Most industry parties agree that there is an urgent need to harmonise this process, in terms of awarding methods, coordinating the timing of awards, the duration of usage rights and the conditions on which spectrum can be traded.
One possibility could be the creation of pan-European licences. However, any such proposals (as per those in the “Connected Continent” (or “Telecom-Single-Market”) proposal seem bound to raise concerns amongst the member states.
Stronger instruments for the harmonization of timetables and awarding methods, license durations when assigning new spectrum are urgently needed.
In particular, Europe should be quick and harmonized in allocating and assigning spectrum for mobile broadband in the 700MHz band (2nd digital dividend).
Measures should include: (1) No – or significantly higher – spectrum caps, (2) Perpetual usage rights with ‘use it or lose it’ rule imposed, (3) Fostering secondary spectrum market.
(10) Net Neutrality: The EU legislation on net neutrality should allow operator innovation with specialized services, which will be a key for 5G, subject to transparency and other appropriate safeguards. This is also a question relevant for the competitiveness of the European industry.
If the US will be allowing for the equivalent of specialized services in the future (which is an open issue for the time being), so if EU operators are not able to innovate with specialized services, such innovations will likely happen outside the EU, in places like the US.
An example would be the Connected Continent proposals on net neutrality, which initially amounted to a very judicious compromise in the eyes of many industry experts, but which was subsequently heavily modified in the European Parliament.
(11) Change process in EU: Perpetual regulatory intervention tends to necessitate more and complex legislation, and the legislative process is itself fraught with risk, since there may be a tendency for positive proposals to be diluted or even reversed when these highly complex topics are debated.
(12) Benefits of scale: Scale already plays an important role within the industry, and in future there will probably be opportunities to extend scale effects still further: for instance, as platforms standardise around IP technology, greater cross-border synergies should become feasible.
This is welcome, since many recent regulatory reforms (such as with regard to termination rates and roaming charges) have arguably reduced the incentive for cross-border consolidation.
(13) License to fail: In a dynamic and competitive market, there will, by necessity, be companies that fail. Indeed, the very fact that there are losers actually indicates the success of competition.

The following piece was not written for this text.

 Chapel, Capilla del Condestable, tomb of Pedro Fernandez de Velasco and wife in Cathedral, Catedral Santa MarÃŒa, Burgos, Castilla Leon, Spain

However, European regulation has often shied away from recognising this. For example, it has been particularly difficult to use the ‘failing firm’ defence to justify a merger – including in those cases where financial investors would have concluded that the target company could not sustain the level of network and customer investment required to be able to compete effectively.
Even those industry observers looking for regulatory reform rather than programmatic de-regulation agree that the consolidation of smaller players (thereby creating stronger entities with margins better able to support investment) would be a powerful positive – hence the widespread support for four to three in-country mobile consolidation.
In conclusion, there is much agreement amongst industry experts that the current regulatory framework in Europe shows clear signs of obsolescence and should be without further delay fundamentally overhauled.
All sides call for a more cohesive approach, and the formation of a coherent industrial policy for the telecoms sector, so that it is better able to compete against its global rivals – in terms of investment ability, innovation adoption, network capability and attractive unit pricing.